▸ Data for review:
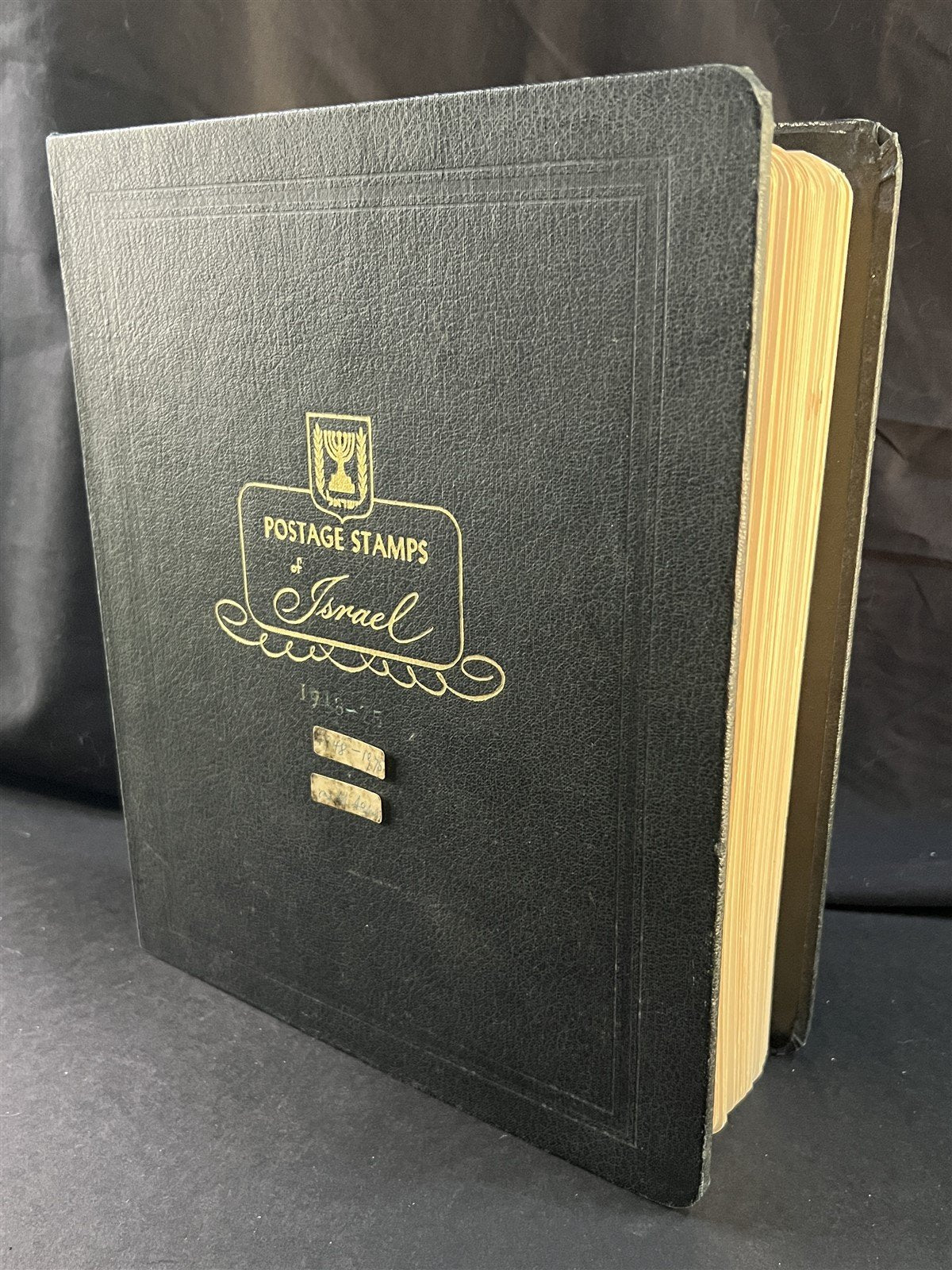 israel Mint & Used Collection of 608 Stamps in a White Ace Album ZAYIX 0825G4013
==
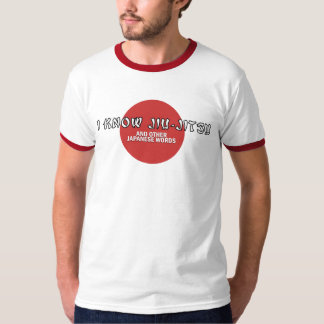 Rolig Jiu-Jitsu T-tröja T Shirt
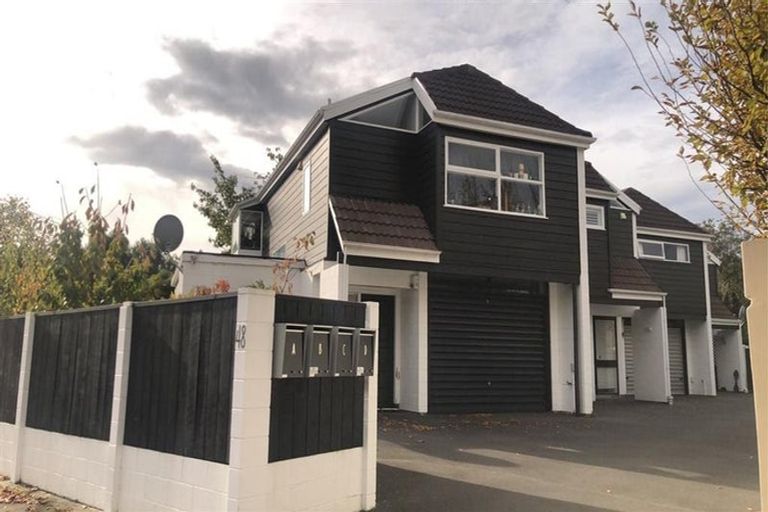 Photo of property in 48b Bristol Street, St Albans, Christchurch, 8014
--
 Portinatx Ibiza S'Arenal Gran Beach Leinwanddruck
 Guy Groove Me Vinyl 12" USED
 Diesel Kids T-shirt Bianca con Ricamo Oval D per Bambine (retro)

▸ Task to complete: Going back to the entries above, set down exactly the lines that begin at the one with "Guy Groove Me" and end at the one with "Diesel Kids T-shirt", both included, and nothing else.

▸ Output of the exercise:
 Guy Groove Me Vinyl 12" USED
 Diesel Kids T-shirt Bianca con Ricamo Oval D per Bambine (retro)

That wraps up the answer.